§ The task: Write the data out again exactly, with no pictures.

§ Provided material:
--- START ---
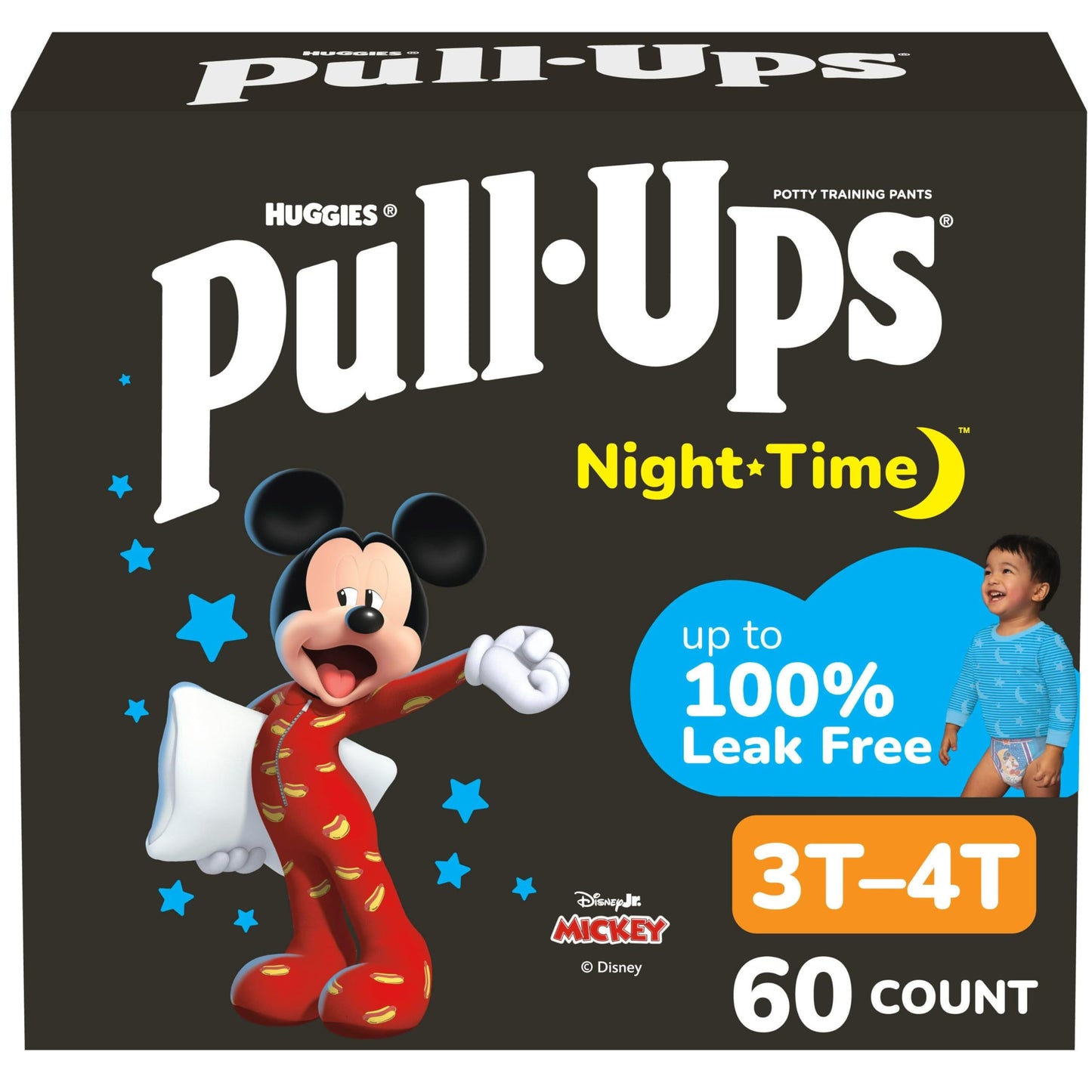 Pull-Ups Night-Time, 3T-4T (32-40 lb.), 60 Ct., Potty Training Pants for Boys, Disposable Potty Training Pants for Toddler Boys (Packaging May Vary)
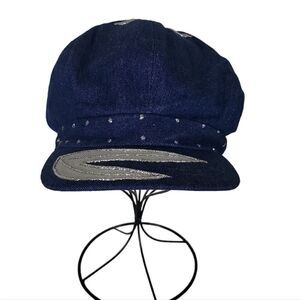 𝅺A. C. Clothing Roni Ram Inc Blue Denim & Silver Glitter Newsboy Cap Hat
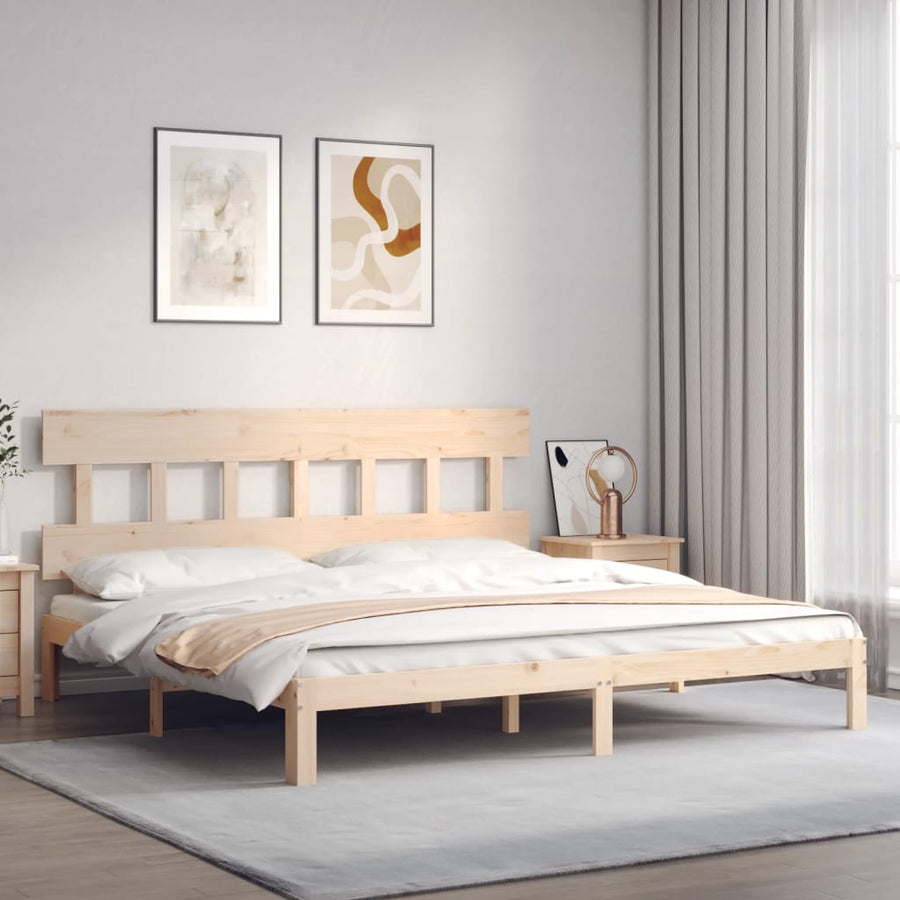 Bedframe met hoofdbord massief hout 200x200 cm 200 x 200 cm Naturel met hoofdbord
--- END ---
§ Task response:
 Pull-Ups Night-Time, 3T-4T (32-40 lb.), 60 Ct., Potty Training Pants for Boys, Disposable Potty Training Pants for Toddler Boys (Packaging May Vary)
 𝅺A. C. Clothing Roni Ram Inc Blue Denim & Silver Glitter Newsboy Cap Hat
 Bedframe met hoofdbord massief hout 200x200 cm 200 x 200 cm Naturel met hoofdbord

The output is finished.